# Simplification of boolean expression with 4 variables using K Map

#### digesh9870

Joined Nov 8, 2016
11
Hello all. I am stuck on a question.
Can anyone simplify this using K Map ?
A(B+C')(A+B')(B+C+D')

I tried simplifying this just with the help of boolean rules (without k map) and the simplest form of this expression I could get is : A(B+C'D').
So is this correct ?
And please let me know how to plot K Map for this expression .

Thank you.

#### WBahn

Joined Mar 31, 2012
26,398
You need to show YOUR best attempt to at least get started.

#### digesh9870

Joined Nov 8, 2016
11
You need to show YOUR best attempt to at least get started.
Okay . Can you please atleast tell if the simplification using just the boolean algebra rules and using K map will give the same answer ? Because with whatever knowledge I have, I tried multiple times to solve this and I am getting different answers.

#### digesh9870

Joined Nov 8, 2016
11
Okay . Can you please atleast tell if the simplification using just the boolean algebra rules and using K map will give the same answer ? Because with whatever knowledge I have, I tried multiple times to solve this and I am getting different answers.
Please find attached the pictures showing what I have tried.
I apologize for my poor presentation. It was just for my practice and I did it in rough . The first picture shows normal simplification using boolean rules .

#### WBahn

Joined Mar 31, 2012
26,398
Okay . Can you please atleast tell if the simplification using just the boolean algebra rules and using K map will give the same answer ? Because with whatever knowledge I have, I tried multiple times to solve this and I am getting different answers.
In general no, because there may be multiple ways to group terms yielding expressions that look different but that are, in fact, the same. You can take both and put them in standard POS or SOP form and then they will be the same so that they can be compared. You can also compare them with a truth table.

This might be useful:

#### digesh9870

Joined Nov 8, 2016
11
In general no, because there may be multiple ways to group terms yielding expressions that look different but that are, in fact, the same. You can take both and put them in standard POS or SOP form and then they will be the same so that they can be compared. You can also compare them with a truth table.

This might be useful:

Okay , so the answer I have got using K Map is :
(A) (A'+B+D') (A'+B+C') .
Is this the final correct answer or do I need to perform any further steps ? Please verify if the grouping I have done is correct or not .

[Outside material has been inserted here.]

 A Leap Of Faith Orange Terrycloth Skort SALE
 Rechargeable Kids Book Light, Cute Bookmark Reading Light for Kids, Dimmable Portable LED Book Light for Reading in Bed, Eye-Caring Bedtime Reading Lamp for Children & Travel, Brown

And the answer using boolean laws / rules is :
A(B+C'D').

Now, as you said , I verified both the answers using truth table and they are matching .

#### WBahn

Joined Mar 31, 2012
26,398
If you're talking about the K-map in Post #4, then you can do better. Remember that groups can wrap around the edges of the map.

#### digesh9870

Joined Nov 8, 2016
11
If you're talking about the K-map in Post #4, then you can do better. Remember that groups can wrap around the edges of the map.
Now I made 3 groups again, taking your hint of wrapping around the edges. This time I got a different answer. Simplifying the equation resulted from K Map will again give the original answer of A(B+C'D').
Now I have one more doubt. Is it okay if the expression resulted from K Map is not in its simplest form ? If not, how to make groups such that the expression is in the simplest form.

Thank you very much for helping me since yesterday.

#### digesh9870

Joined Nov 8, 2016
11
If possible, can you post the best possible answer ?

#### WBahn

Joined Mar 31, 2012
26,398
If possible, can you post the best possible answer ?
Before a "best" or "simplest" solution can be offered, the metrics by which one solution is considered "better" or "simpler" than another must be defined. There are several possible metrics that are reasonable and, in general, the solution that is "best" by one metric is not "best" by another.

#### WBahn

Joined Mar 31, 2012
26,398
Your new map is still missing a larger grouping. Look at your group of two 0's -- can that be expanded to a group of four?

You might also look at the SOP form by considering where the K-map values are 1 instead of 0.